Lowering levels of arginase may halt progression of diabetic retinopathy

September 2, 2009

High levels of the enzyme arginase contributes to vascular eye damage, and therapies to lower its levels could halt progression of diabetic retinopathy (DR), according to researchers at the Medical College of Georgia (MCG) School of Medicine, USA.

High levels of the enzyme arginase contributes to vascular eye damage, and therapies to lower its levels could halt progression of diabetic retinopathy (DR), according to researchers at the Medical College of Georgia (MCG) School of Medicine, USA.
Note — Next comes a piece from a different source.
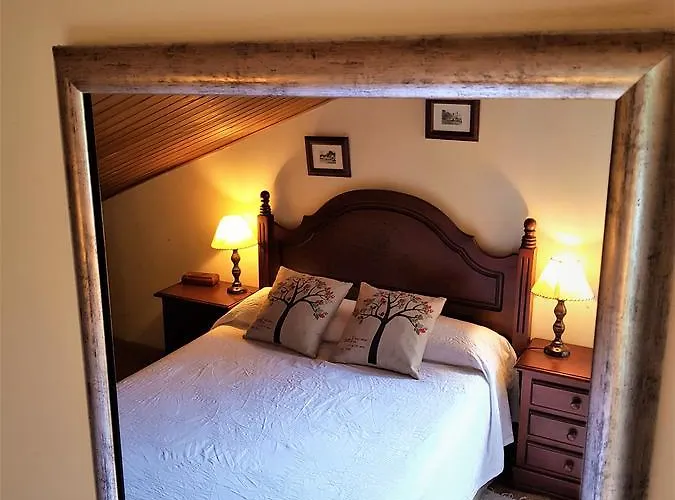 Trisqueles Y Buganvillas *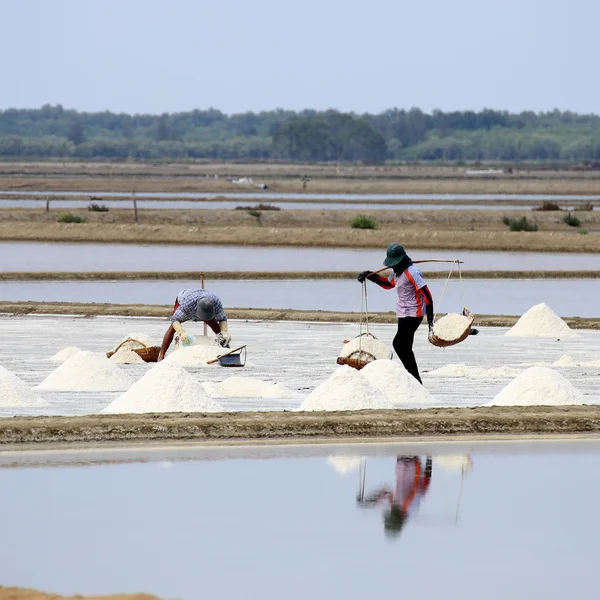 Werknemers in de zoutpannen, thailand. — Stockfoto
This is the first connection made between eye disease and arginase, an enzyme also known to cause cardiovascular disease, according to researchers. To create an animal model of the inflammation that occurs early in vascular eye disease, researchers used bacterial proteins to produce uveitis, which also can cause blindness but is easier to detect and treat than DR.

"It's taking L-arginine away from the nitric oxide synthase so it can accelerate wound healing, but the lack of substrate for nitric oxide synthase leads to vascular constriction and occlusion which causes further tissue damage," said Ruth Caldwell, PhD, a cell biologist at the MCG School of Medicine and VA Medical Center, and the study's corresponding author.

As with arginase, some reactive oxygen species formation is a good thing but too much causes blood vessel damage, said researchers.

"Our studies demonstrate that if we inhibit arginase, we also reduce the reactive oxygen species level and vice versa," said Wenbo Zhang, PhD, postdoctoral fellow in Dr. Caldwell's lab and the paper's first author. "It appears that arginase and nitric oxide synthase influence each other in a positive feedback loop."

Rather than drugs that generally suppress arginase, the researchers want to find new drugs that can restore healthy levels of arginase.